You’re looking at two Segues ® converted by Marathon Targets in Sydney into a moving target for the training of our military. The input segues cost a few thousand and after Marathon Targets have armour plated the moving parts, and built software and various controls to turn the vehicle into an autonomously moving target moving in and out of buildings according to pre-set ‘styles’ of movement, these items sell for hundreds of thousands of dollars each. They’re now used by the Australian army which has the largest squadron of them, and the US military has some it is trialling. There’s nothing like them anywhere else.
Here’s their corporate story from their website.
Marathon shipped the world’s first smart targets for live-fire training in 2008. Smart targets are powered by cutting-edge robotics technology, delivered in a bullet-proof, easy-to-use package. Marathon’s targets enable armed forces to train with an unprecedented level of realism.
Marathon was founded by three PhDs from the Australian Centre for Field Robotics at the University of Sydney. For the past 9 years, we have collaborated closely with the Australian Defence Force to meet their rigorous requirements for improving moving marksmanship.
Marathon has offices in Sydney, Australia, Huntsville, Alabama, and a European office in Toulouse, France.
On a field visit for Innovation Australia last week the three founders were clear that it was essentially the initiative of the army that brought about the whole venture. Some unit, or perhaps a particular person lamented the unrealism of the available targets and the lack of availability of them anywhere on the market. And so they inquired of these guys if they could do something. Voila, a new startup was born. The relevant unit in the defence forces have been very supportive in helping test the technology and purchase and work with the output of the incipient firm.

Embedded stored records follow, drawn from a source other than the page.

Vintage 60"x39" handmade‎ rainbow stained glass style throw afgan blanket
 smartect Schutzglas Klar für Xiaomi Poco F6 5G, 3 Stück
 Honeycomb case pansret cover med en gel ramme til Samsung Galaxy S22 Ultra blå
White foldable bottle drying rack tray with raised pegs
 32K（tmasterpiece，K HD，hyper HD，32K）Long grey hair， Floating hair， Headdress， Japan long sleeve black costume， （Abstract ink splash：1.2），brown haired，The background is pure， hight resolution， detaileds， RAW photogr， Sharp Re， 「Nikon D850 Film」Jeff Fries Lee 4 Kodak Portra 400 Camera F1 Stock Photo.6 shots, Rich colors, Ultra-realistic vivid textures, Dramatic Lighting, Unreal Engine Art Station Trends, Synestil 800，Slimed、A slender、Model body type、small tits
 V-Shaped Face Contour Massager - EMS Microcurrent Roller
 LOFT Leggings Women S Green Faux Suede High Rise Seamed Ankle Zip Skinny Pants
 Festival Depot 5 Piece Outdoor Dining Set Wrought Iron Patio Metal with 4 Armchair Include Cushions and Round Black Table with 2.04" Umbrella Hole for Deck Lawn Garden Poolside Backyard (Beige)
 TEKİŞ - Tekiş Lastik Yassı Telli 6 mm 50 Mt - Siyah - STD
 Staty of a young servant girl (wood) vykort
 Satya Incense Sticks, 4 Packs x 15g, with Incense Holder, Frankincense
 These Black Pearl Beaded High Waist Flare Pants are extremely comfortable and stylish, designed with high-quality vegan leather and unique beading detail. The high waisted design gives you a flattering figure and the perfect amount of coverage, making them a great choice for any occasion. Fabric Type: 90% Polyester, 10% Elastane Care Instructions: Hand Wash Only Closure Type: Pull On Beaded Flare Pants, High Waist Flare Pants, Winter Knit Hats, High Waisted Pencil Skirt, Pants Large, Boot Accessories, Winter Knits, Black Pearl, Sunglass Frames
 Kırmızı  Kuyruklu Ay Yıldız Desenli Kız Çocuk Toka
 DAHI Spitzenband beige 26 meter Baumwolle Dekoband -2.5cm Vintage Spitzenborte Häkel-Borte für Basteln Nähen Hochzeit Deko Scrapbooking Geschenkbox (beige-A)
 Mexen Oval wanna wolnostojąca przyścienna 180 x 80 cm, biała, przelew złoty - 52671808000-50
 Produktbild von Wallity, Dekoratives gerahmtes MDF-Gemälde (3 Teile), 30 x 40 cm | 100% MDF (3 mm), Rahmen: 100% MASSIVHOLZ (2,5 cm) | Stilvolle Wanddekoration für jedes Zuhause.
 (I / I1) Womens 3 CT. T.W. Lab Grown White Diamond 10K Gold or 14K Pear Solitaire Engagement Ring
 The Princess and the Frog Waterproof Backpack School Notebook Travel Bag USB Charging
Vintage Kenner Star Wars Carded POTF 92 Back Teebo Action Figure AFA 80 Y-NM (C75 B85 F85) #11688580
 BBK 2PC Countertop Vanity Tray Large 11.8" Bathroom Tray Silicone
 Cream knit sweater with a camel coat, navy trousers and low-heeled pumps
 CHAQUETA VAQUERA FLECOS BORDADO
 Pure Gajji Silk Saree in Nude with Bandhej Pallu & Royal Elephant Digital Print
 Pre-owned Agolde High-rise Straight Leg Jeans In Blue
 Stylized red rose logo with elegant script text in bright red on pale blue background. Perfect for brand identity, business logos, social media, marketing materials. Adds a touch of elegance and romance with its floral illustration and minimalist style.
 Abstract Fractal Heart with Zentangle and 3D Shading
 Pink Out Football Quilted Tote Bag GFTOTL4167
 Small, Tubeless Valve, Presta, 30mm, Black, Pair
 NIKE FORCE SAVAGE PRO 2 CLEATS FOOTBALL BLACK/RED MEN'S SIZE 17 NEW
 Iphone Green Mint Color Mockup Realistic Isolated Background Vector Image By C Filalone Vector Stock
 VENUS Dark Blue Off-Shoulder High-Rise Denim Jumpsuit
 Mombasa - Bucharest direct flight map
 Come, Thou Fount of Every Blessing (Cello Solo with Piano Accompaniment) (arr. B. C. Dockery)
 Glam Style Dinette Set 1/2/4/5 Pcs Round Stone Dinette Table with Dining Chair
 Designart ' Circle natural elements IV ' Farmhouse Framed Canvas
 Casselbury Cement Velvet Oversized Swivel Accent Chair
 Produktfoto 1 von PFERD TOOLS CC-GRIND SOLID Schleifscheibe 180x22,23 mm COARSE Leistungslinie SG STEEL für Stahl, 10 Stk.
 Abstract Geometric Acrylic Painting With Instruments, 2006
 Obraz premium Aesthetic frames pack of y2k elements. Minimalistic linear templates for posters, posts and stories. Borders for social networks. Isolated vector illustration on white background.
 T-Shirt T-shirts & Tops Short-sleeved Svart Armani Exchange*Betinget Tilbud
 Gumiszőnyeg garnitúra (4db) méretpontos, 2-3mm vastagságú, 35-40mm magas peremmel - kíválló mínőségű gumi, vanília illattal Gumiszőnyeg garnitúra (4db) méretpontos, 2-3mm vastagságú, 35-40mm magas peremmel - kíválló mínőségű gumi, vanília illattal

There are no doubt lots of opportunities for public sector agencies and the people in them to notice things that they need, or things that could be done new ways. And here is a success story. But I’d like to know if this kind of thing is routinely recognised. Because it should be. We should be deliberately encouraging and then recognising such initiative wherever it is shown. Then we might get more of it.
As the economy gets more information intensive, the opportunities for such innovation should increase as the opportunities for multiple use of platforms that the pubic sector runs, or could build or help come into existence multiply. As an economy develops, it becomes more complex. Indeed, one could argue, as Ricardo Hausmann does that progressive complexification is the process of development.
Likewise the increasing complexity of pretty much everything makes it harder to run things by command and control and ramps up the significance of initiative and innovation right down in the weeds where the opportunities for new complexification occur. Further, innovation is often difficult at the interfaces of different organisations – where no-one can be held responsible for the system as a whole. There must be oodles of opportunities for the public sector to stimulate innovation in the way it has here, and where that happens, it’s likely to be much more cost effective than the simple provision of subsidies to R&D.